What do we gain from accepting our social identities, for playing the
games people play? If there is one word for this pay-off, it is
recognition. There is nothing worse for any of us than to be invisible,
to go unrecognized, to count for nothing in the eyes and the lives of
others. So to be recognized as players in the game of social life
requires us to play the games that others play, to use the forms of
exchange that are already in use. The pay-off for sociality, in other
words, is to exist, to be recognized. The need for recognition is as
basic as any of our needs; without it, we die or go crazy.
Recognition is not just an individual need, it’s a mutual need.

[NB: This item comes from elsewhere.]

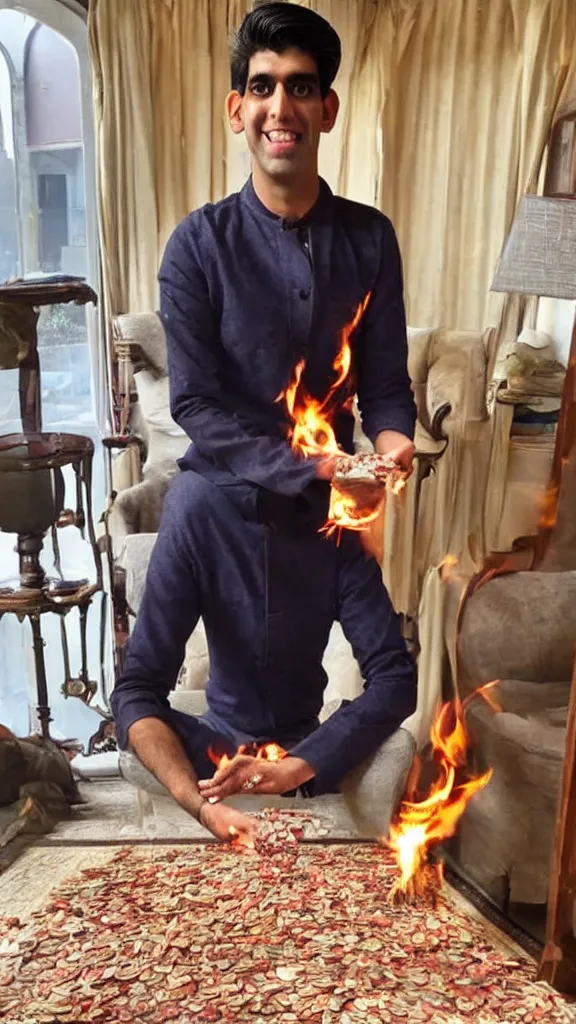 Image similar to rishi sunak burning money in his lavish house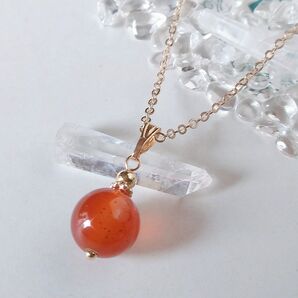 『7月の誕生石』カーネリアン 天然石 ネックレス ペンダント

It’s
impossible to receive it without giving it. What good does your
recognition do me unless I recognize you as well? If I have no respect
for you, your respect for me is meaningless to me. So I can be
confident in my own existence only to the extent that I recognize the
existence of others.
Now to recognize someone in a way that affirms her existence is not
just to know her social identity; it is to acknowledge that she has a
will of her own. My self-confidence, my sense that I really exist,
depends on my intentions being received by others. But that can happen
only if those others are real for me; I can exist only if I recognize
others. So there’s always a tension, an on-going contradiction we have
to live with, between our need to assert ourselves as individuals and
our need to belong to the community in which we can be recognized as
individuals. Growing up is a matter of learning to balance these two
imperative needs: asserting one’s own will and recognizing the will of
others.
Unfortunately, as we grow up in this world we encounter shriveled and
unsatisfying forms of recognition that leave us always hungry for more.
Institutions and their servants see us only as functions—workers,
consumers, soldiers, competitors. The language children use to
playfully explore their world becomes a means of regulating the world,
controlling ourselves and each other. Individuals are recognized
according to their power, and communication is reduced to negotiation:
I recognize you only enough to get out of you what I want. You are
nothing but an instrument of my wishes. But if that’s what you are,
then your recognition of me is nothing to me. In a world where most of
our encounters with each other are instrumental, we are rarely
recognized as individuals, dreamers of our own dreams. The result is a
deep insecurity, a sense of not existing, and of not really being
present in the world. If I exist, as Sartre says, in the gaze of the
other, then if others fail to see me, I fail to exist. R.D. Laing
called this state of mind “ontological insecurity”.
What kind of a world would it be in which mutual recognition was the
norm, where we all knew that each of us depends upon the recognition of
all the rest? To understand this would be to understand that we are the
individuals we are only in a social body that supports our
individuality. Paradoxically, we can be different only because we are
all one. Think about what kind of politics would practice and build
such a world!
I’m Clayton Morgareidge for the OMV.